All we need to do in terms of metering is adjust our background light to a stop less than our main light; this should be enough power to eliminate any shadows. Don’t forget that our main light with the brolly is also lighting the background, so we don’t as much power from the soft box.
To do this, we need to turn our main light off, connect the meter to our background light and take a reading. We need to position the meter on the background, pointing directly towards the soft box and if necessary adjusting the power of the head until our meter reads f5.6, a stop less than our main light. When the picture is taken, the main light and background light fire together giving us a nice evenly lit image with no shadow.
Adding a third light to our set up is just as simple. Let’s say that we wanted to add an effect light to bring out some extra detail in the subjects hair, a ‘hair light’. We position our third head, fitted with a Grid reflector and small Honeycomb about 2 metres away from the subject, in line with the subjects shoulders pointing slightly down towards their head. By turning the other lights off, we can use the modelling lamp on the effect light to make any fine adjustments for the best position.
In terms of exposure, a lot will depend on the colour of the hair you want to light. Light coloured hair, especially blonde and grey will need much less than say black or red. So at this point we would turn our main light and back light off and connect our meter to the effect light. When we are happy with the way the hair light is positioned we take a meter reading from the top of our subjects head back into the Grid reflector. Ideally we should be looking for about f5.6, a stop less than our main light.

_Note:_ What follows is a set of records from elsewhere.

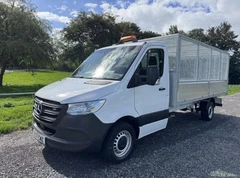 2022 Mercedes-Benz Sprinter Tipper Van — front three-quarter view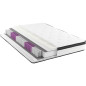 POCKET HYBRID - Matelas - 160 x 200 cm - Epaisseur 30 cm - Ressorts ensachés - 5 zones - Mousse a mémoire de forme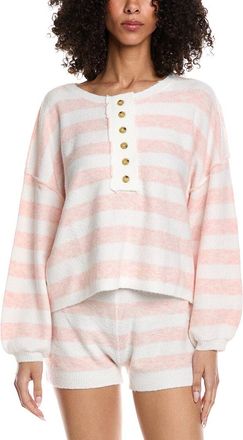 Vintage Havana Striped Henley Sweater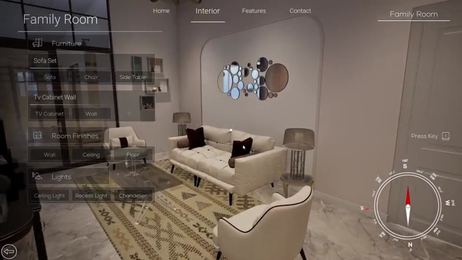 Interactive Walkthrough: furniture swap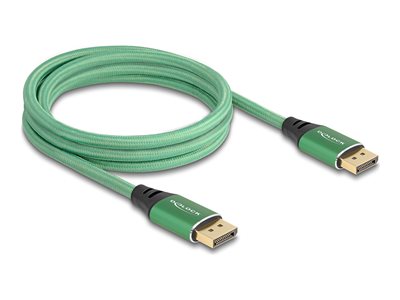 DELOCK DisplayPort Kabel 16K 60Hz 2m gru Optionen & Zubehör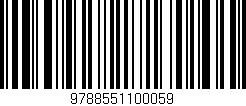 Código de barras (EAN, GTIN, SKU, ISBN): '9788551100059'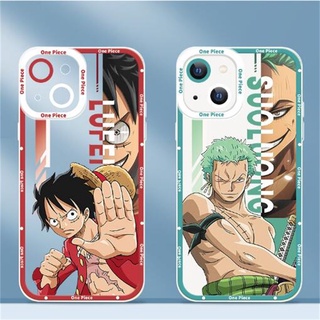 Ốp Điện Thoại TPU Trong Suốt Họa Tiết One Piece Cho iPhone 14 13 12 11 Pro Max X Xs Max Xr 6 6s 7 8 Plus SE 2020 2022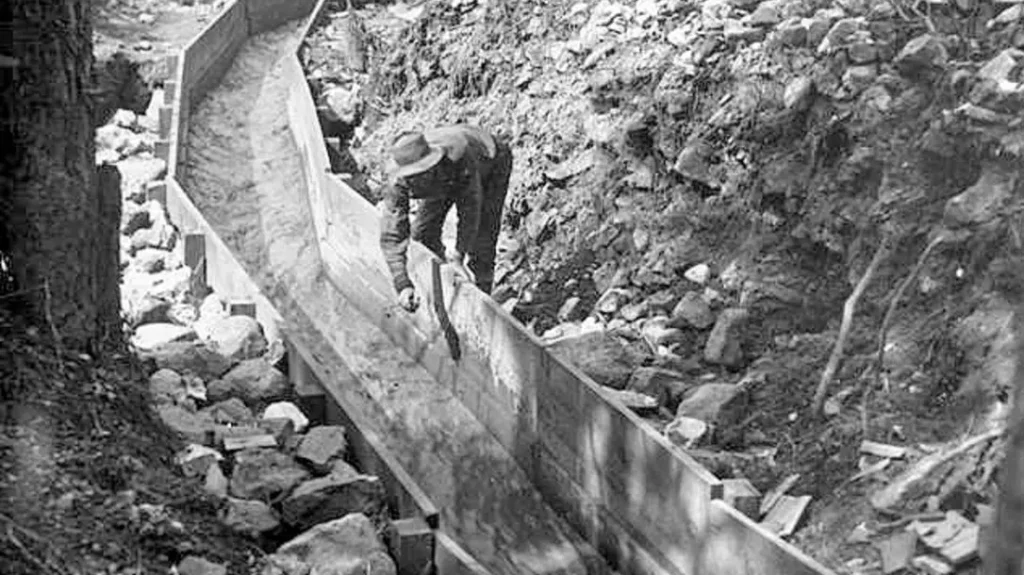 The gold rush was a dangerous time.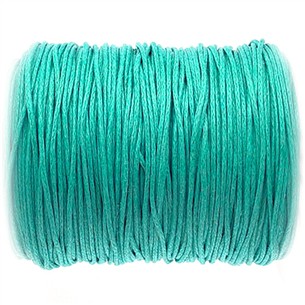 Sznurek jubilerski woskowany 1mm / j.niebieski / 10m-13383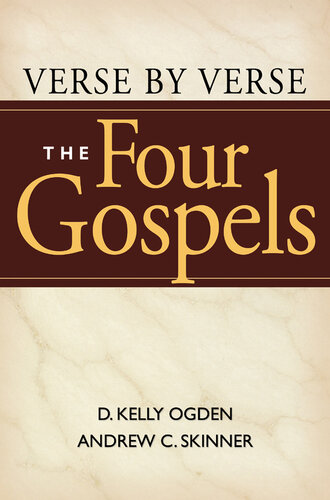 Verse by Verse: The Four Gospels
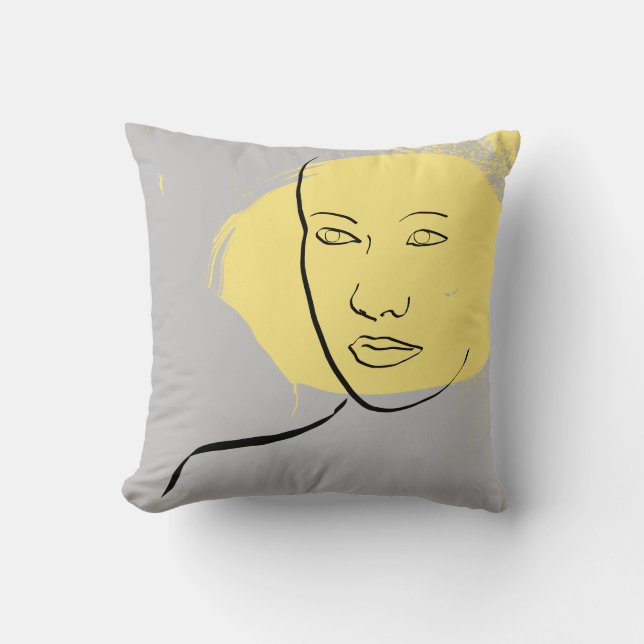 Face Sketch Cushion (Front)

Flash metering - take some test shots!
The next step is to take a test shot so that we can get an idea of what’s going on. Using an effect light is straightforward, but bear in mind that the main light with the brolly is also lighting the subject’s hair, plus we may get some ‘bounce back’ from our background light. So don’t be surprised if our hair light is a shade too bright. If it is, just adjust it down to compensate.
Now we should be getting all three lights to work well with each other to produce a nice evenly lit shot with some extra light to bring out that hair detail, simple as that. Using a meter has really helped us achieve a well lit portrait quickly and efficiently without any major problems.
For those of you with meters, try these simple techniques. The key is to take it slowly and build up your lighting one head at a time. That way you will always know what’s going on and will be able to see from your test shots what if any adjustments need to be made.
I’ve used quite a few different meters over the years, but for basic work, you can’t beat the Sekonic L-308S Flashmate. Very reasonably priced, it’s a bargain. Another of my favourites is the Gossen Digipro F, a meter that’s been around for some years now and offers a very good spec for not too much money. (See images of these two models above.)
Meters are still great value and really haven’t increased in price that much over the years. There are some superb models on the market and both Sekonic and Gossen make some of the best. When deciding what to buy, as usual think about it as a long term investment, something that will last you for a number of years so buy the best you can afford at the time.
Some models have loads of additional features that make them easier to use, like built in triggering, digital read out’s etc so make sure you understand exactly what they do before you buy them. Carefully check out the specifications that each model offers and match those against your own needs and that way you’ll get the right meter for you.